* Task objective
The answer is the full listing below, copied exactly, with its pictures omitted.

* Given data
==================================================

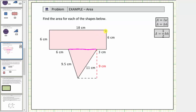Notice how the rectangle is eighteen centimeters by six centimeters, so we have the information we need to find the area of the rectangle. Now looking at the triangle, notice how this length is nine centimeters, so we know the height of the triangle is nine centimeters. But we are not given this length here, which is the base of the triangle.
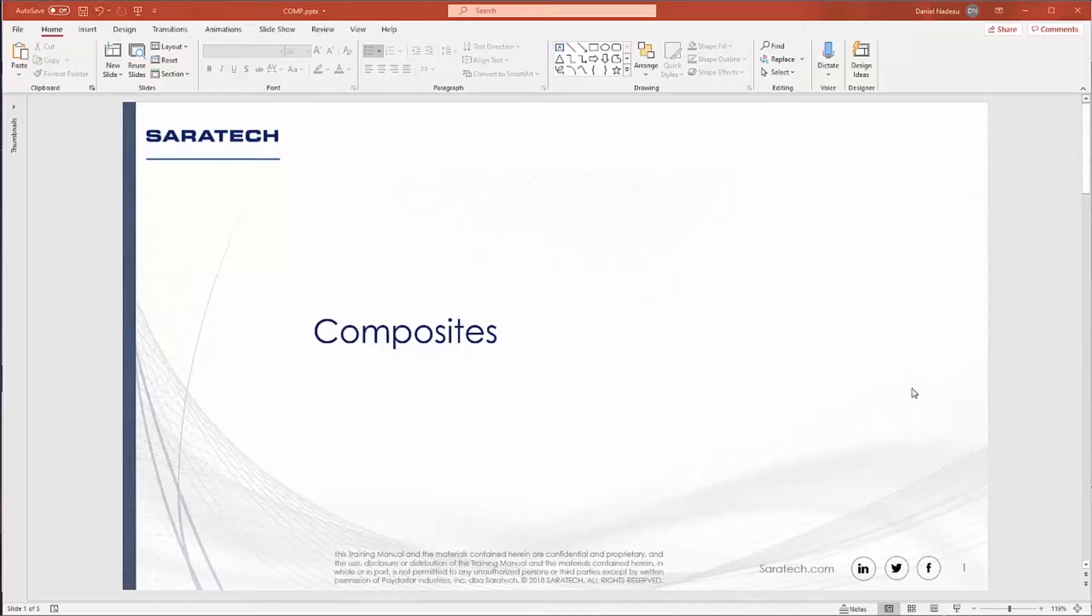Hello and welcome. My name is Dan Nadeau, application engineer here for Saratech. Today I'm going to be talking about post-processing composites inside of VMAP.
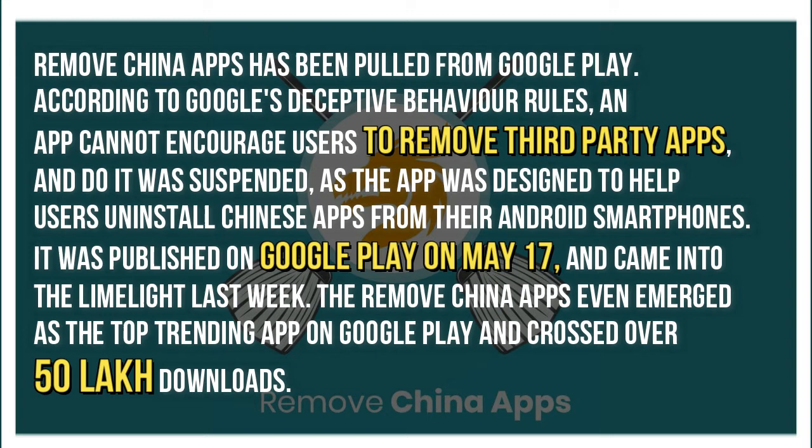The app was published on Google Play on May 17th and came into the limelight last week. Remove China Apps even emerged as the top trending app on Google Play and crossed over 50 lakh downloads.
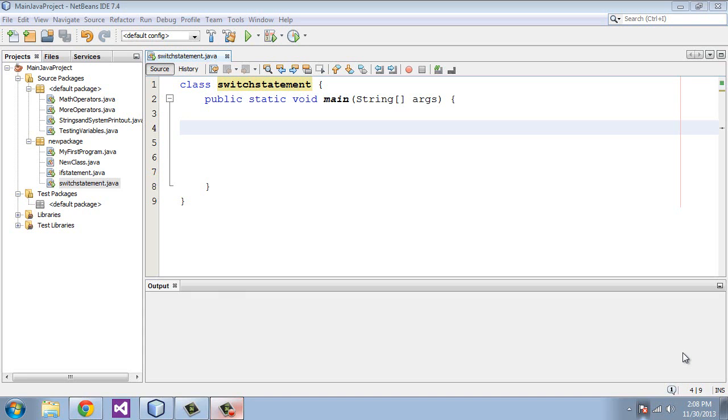Welcome to your eighth tutorial on Beginning Java. In the last tutorial, we dealt with if-else statements, and those are good for situations when you only have two possible conditions, such as a true-false situation.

==================================================

* Your solution
Notice how the rectangle is eighteen centimeters by six centimeters, so we have the information we need to find the area of the rectangle. Now looking at the triangle, notice how this length is nine centimeters, so we know the height of the triangle is nine centimeters. But we are not given this length here, which is the base of the triangle.
Hello and welcome. My name is Dan Nadeau, application engineer here for Saratech. Today I'm going to be talking about post-processing composites inside of VMAP.
The app was published on Google Play on May 17th and came into the limelight last week. Remove China Apps even emerged as the top trending app on Google Play and crossed over 50 lakh downloads.
Welcome to your eighth tutorial on Beginning Java. In the last tutorial, we dealt with if-else statements, and those are good for situations when you only have two possible conditions, such as a true-false situation.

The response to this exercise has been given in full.